Your objective: All of the data below must be reproduced word for word, but without its images.

Record extracts:
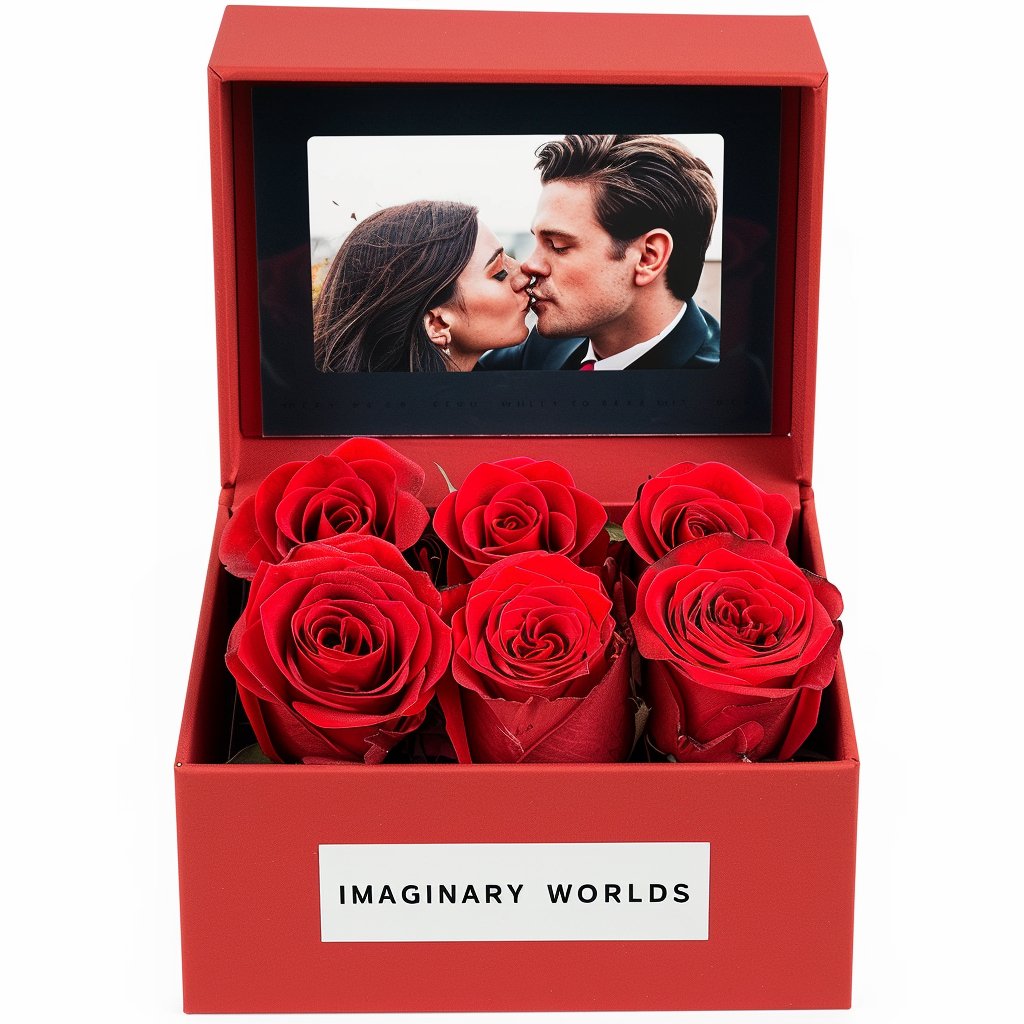 Customized Forever Red Rose Box with Photo - Imaginary Worlds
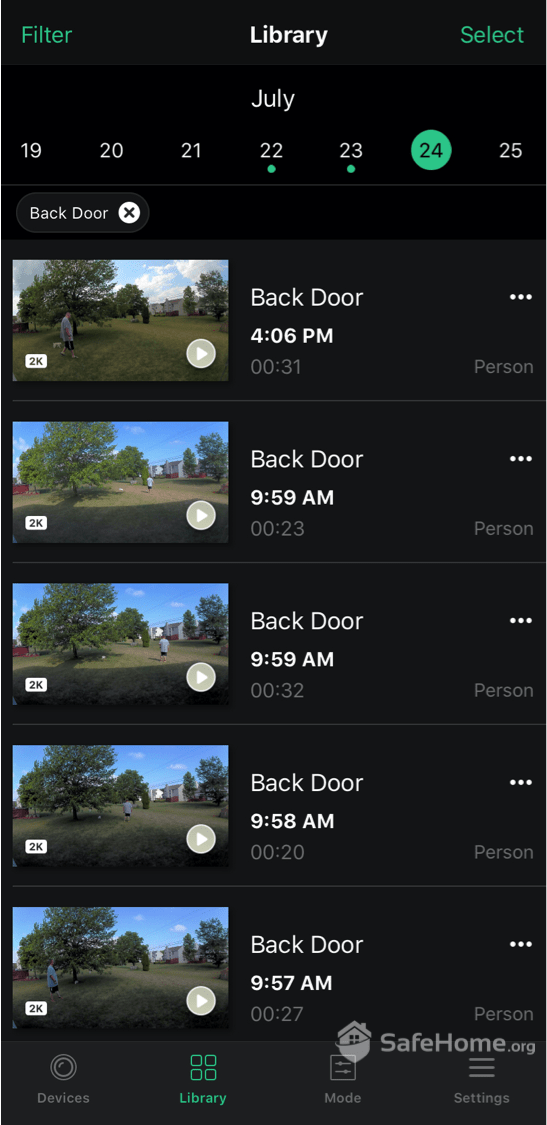 Arlo App Video Playback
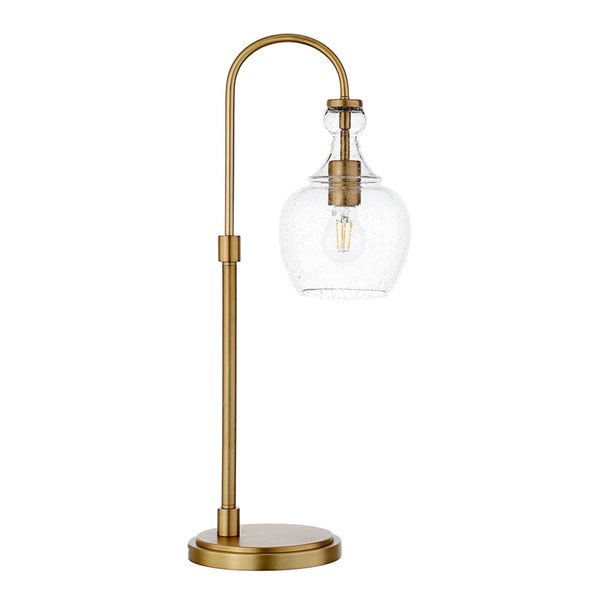 Hailey Home Verona 27-in H Brushed Brass Arc-Shaped Table Lamp with Glass Shade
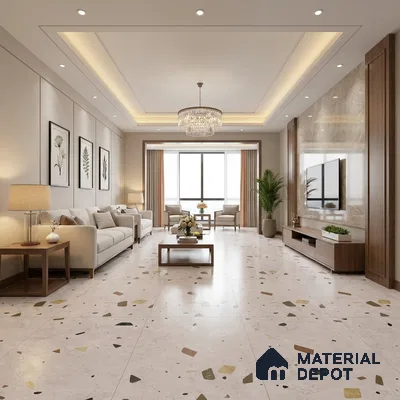 Terrazzo Floor & Wall Tile TL 12262 Marqus Easter 4 ft x 2 ft Carving Matte Finish Vitrified Tile - 9 mm | 4 Random Designs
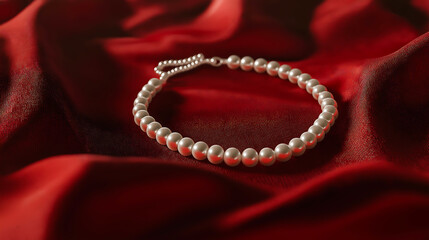 Fototapeta premium A elegantly pearl necklace on a soft fabric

Written solution:
 Customized Forever Red Rose Box with Photo - Imaginary Worlds
 Arlo App Video Playback
 Hailey Home Verona 27-in H Brushed Brass Arc-Shaped Table Lamp with Glass Shade
 Terrazzo Floor & Wall Tile TL 12262 Marqus Easter 4 ft x 2 ft Carving Matte Finish Vitrified Tile - 9 mm | 4 Random Designs
 Fototapeta premium A elegantly pearl necklace on a soft fabric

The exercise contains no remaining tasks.